Chapter 3 Initial Data Analysis
In Chapter 2, we mentioned that data analysis includes initial data analysis (IDA). There are various definitions of IDA, much like there are numerous definitions for EDA. Some people would be practising IDA without explicitly realising that it is IDA. Or in other cases, a different name is used to describe the same process, such as Chatfield (1985) referring to IDA also as “initial examination of data” and Cox & Snell (1981) as “preliminary data anlysis” and Rao (1983) as “cross-examination of data.” So what is IDA?

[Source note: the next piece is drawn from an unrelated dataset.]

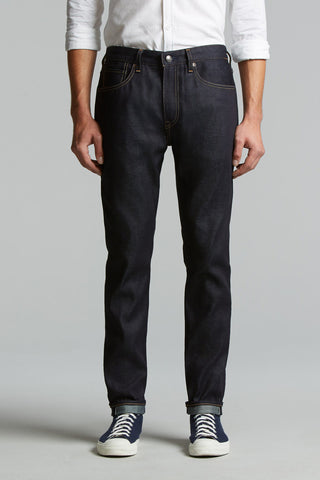 Levi's Made and Crafted Shuttle Taper Jean - Selvedge Rigid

The two main objectives for initial data analysis are:
- data description, and
- model formulation.
IDA differs from the main analysis (i.e. usually fitting the model, conducting significance tests, making inferences or predictions). IDA is often unreported in the data analysis reports or scientific papers due to it being “uninteresting” or “obvious.” The role of the main analysis is to answer the intended question(s) that the data were collected for. Sometimes IDA alone is sufficient.
3.1 Data description
Data description should be one of the first steps in the data analysis to assess the structure and quality of the data. We refer them to occasionally as data sniffing or data scrutinizing. These include using common or domain knowledge to check if the recorded data have sensible values. E.g. Are positive values, e.g. height and weight, recorded as positive values with a plausible range? If the data are counts, are the recorded values contain noninteger values? For compositional data, do the values add up to 100% (or 1)? If not is that a measurement error or due to rounding? Or is another variable missing?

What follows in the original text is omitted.